The MultiSource RAG project implements a robust Retrieval-Augmented Generation (RAG) system utilizing advanced machine learning techniques. This system is designed to enhance the performance and relevance of generated content by leveraging multiple data sources and vector stores.
- Hugging Face Models: Utilizes state-of-the-art models from Hugging Face for natural language processing tasks.
- Multiple Vector Stores: Implements three different vector stores—Chroma, Pinecone, and FAISS—to evaluate their performance and effectiveness in data retrieval.
- Sentence Transformers: Employs sentence transformers to encode and retrieve relevant text based on semantic similarity.
- Semantic Chunking: Breaks down texts into meaningful chunks to improve retrieval accuracy.

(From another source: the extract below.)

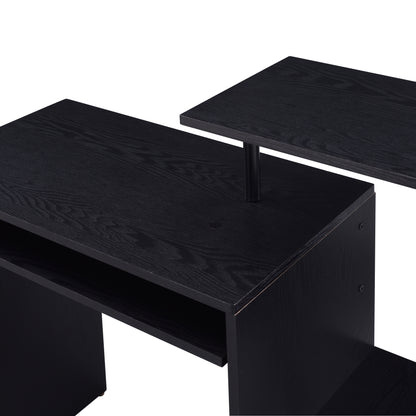 Black Computer Desk with Keyboard Tray - 37.5" Rectangular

- Recursive Character Splitting: Enhances the processing of longer texts by recursively splitting them into smaller, manageable segments.
- CRAG (Contextual Retrieval-Augmented Generation): Integrates contextual information to improve the quality of generated responses.
- Benchmarking Tools: Utilizes benchmarking tools to assess the performance of different vector stores and retrieval methods.
Clone the repository, and then open a command prompt in the file explorer, where you should write: python -m notebook. A jupyter notebook webpage will be opened, and here is all the code.